Every now and then I see a claim that if there were a uniform weighting of mathematical structures in a Tegmark-like 'verse---whatever that would mean even if we ignore the decision theoretic aspects which really can't be ignored but whatever---that would imply we should expect to find ourselves as Boltzmann mind-computations, or in other words thingies with just enough consciousness to be conscious of nonsensical chaos for a brief instant before dissolving back into nothingness. We don't seem to be experiencing nonsensical chaos, therefore the argument concludes that a uniform weighting is inadequate and an Occamian weighting over structures is necessary, leading to something like UDASSA or eventually giving up and sweeping the remaining confusion into a decision theoretic framework like UDT. (Bringing the dreaded "anthropics" into it is probably a red herring like always; we can just talk directly about patterns and groups of structures or correlated structures given some weighting, and presume human minds are structures or groups of structures much like other structures or groups of structures given that weighting.)
I've seen people who seem very certain of the Boltzmann-inducing properties of uniform weightings for various reasons that I am skeptical of, and others who seemed uncertain of this for reason that sound at least superficially reasonable. Has anyone thought about this enough to give slightly more than just an intuitive appeal? I wouldn't be surprised if everyone has left such 'probabilistic' cosmological reasoning for the richer soils of decision theoretically inspired speculation, and if everyone else never ventured into the realms of such madness in the first place.

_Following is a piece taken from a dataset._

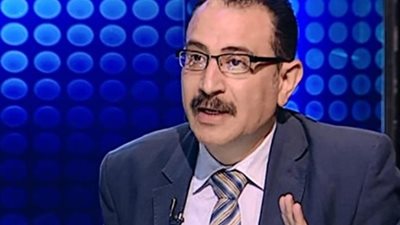 أستاذ علوم سياسية: مصر تقدم رؤية شاملة لحل القضية الفلسطينية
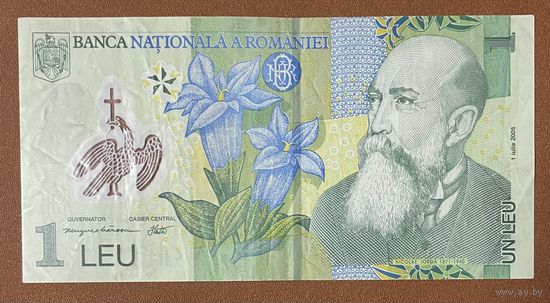 Полимерная банкнота Румыния 1 лей 2005 Монастырь Куртя-де-Арджеш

(Bringing in something, anything, from the foundations of set theory, e.g. the set theoretic multiverse, might be one way to start, but e.g. "most natural numbers look pretty random and we can use something like Goedel numbering for arbitrary mathematical structures" doesn't seem to say much to me by itself, considering that all of those numbers have rich local context that in their region is very predictable and non-random, if you get my metaphor. Or to stretch the metaphor even further, even if 62534772 doesn't "causally" follow 31256 they might still be correlated in the style of Dust Theory, and what meta-level tools are we going to use to talk about the randomness or "size" of those correlations, especially given that 294682462125 could refer to a mathematical structure of some underspecified "size" (e.g. a mathematically "simple" entire multiverse and not a "complex" human brain computation)? In general I don't see how such metaphors can't just be twisted into meaninglessness or assumptions that I don't follow, and I've never seen clear arguments that don't rely on either such metaphors or just flat out intuition.)